━━ Dataset section
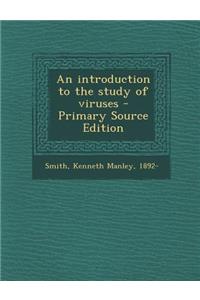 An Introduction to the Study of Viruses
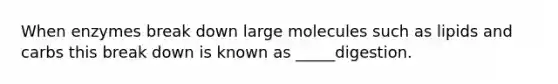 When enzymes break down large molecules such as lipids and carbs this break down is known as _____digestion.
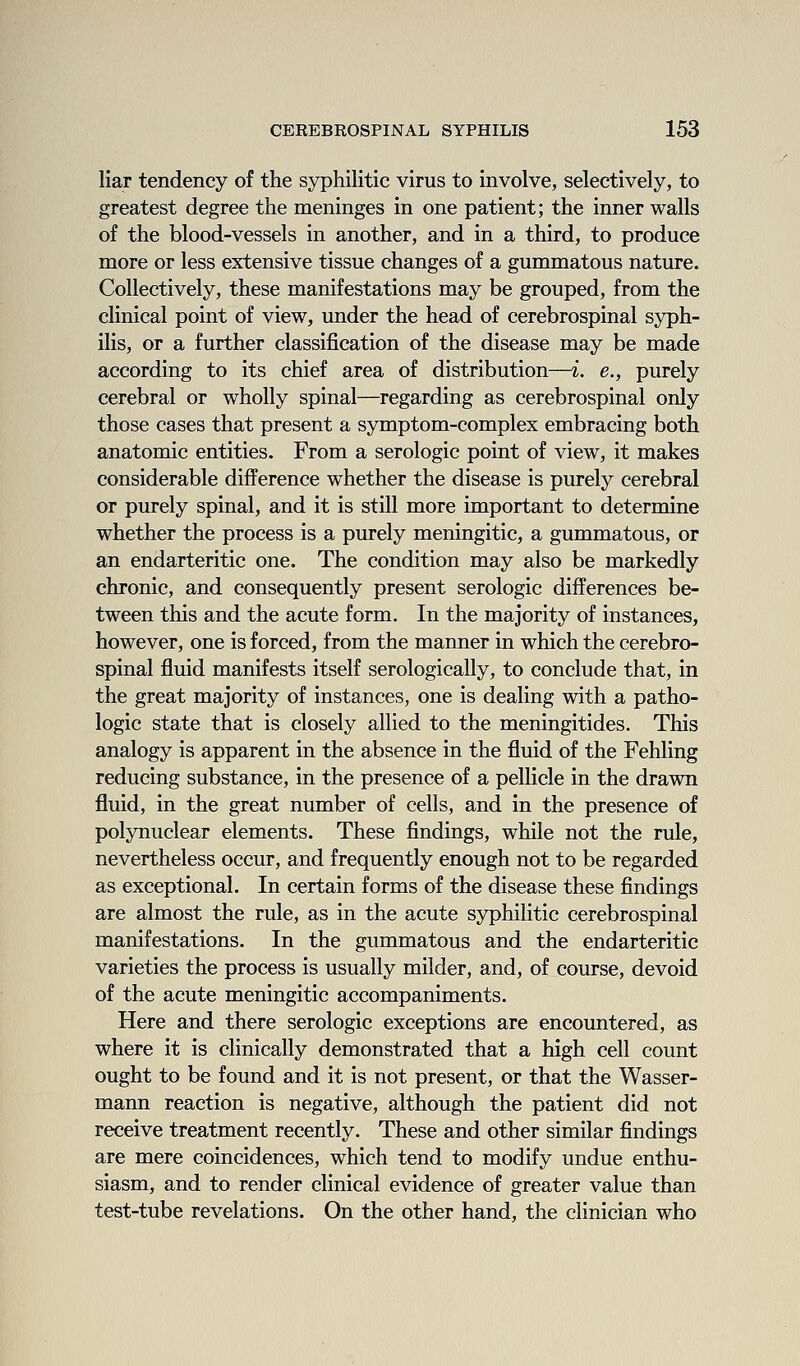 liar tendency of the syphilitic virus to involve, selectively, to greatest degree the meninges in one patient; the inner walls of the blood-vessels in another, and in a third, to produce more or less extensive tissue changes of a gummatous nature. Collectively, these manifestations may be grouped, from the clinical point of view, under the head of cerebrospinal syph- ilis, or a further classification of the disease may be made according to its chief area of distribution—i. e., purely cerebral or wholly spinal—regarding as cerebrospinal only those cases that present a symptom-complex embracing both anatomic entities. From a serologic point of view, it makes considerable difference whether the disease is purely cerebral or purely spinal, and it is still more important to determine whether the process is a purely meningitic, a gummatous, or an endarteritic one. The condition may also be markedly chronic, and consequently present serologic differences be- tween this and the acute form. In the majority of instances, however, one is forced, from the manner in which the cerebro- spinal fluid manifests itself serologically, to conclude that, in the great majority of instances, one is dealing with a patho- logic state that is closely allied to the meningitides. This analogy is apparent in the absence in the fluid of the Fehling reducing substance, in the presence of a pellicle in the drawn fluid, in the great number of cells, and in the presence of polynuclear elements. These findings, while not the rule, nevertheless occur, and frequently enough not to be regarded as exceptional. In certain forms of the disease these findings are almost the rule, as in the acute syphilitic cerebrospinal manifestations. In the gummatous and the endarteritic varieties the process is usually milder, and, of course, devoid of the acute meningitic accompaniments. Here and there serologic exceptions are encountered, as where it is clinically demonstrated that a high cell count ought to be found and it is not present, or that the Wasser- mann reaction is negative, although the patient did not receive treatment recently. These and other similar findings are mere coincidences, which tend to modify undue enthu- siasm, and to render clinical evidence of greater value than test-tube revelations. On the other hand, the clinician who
━━━━
• [Task statement]
The lines to write out are those from the first line of the listing above through the line bearing "When enzymes break", both included, copied exactly with pictures dropped.

• [Result for this exercise]
 An Introduction to the Study of Viruses
 When enzymes break down large molecules such as lipids and carbs this break down is known as _____digestion.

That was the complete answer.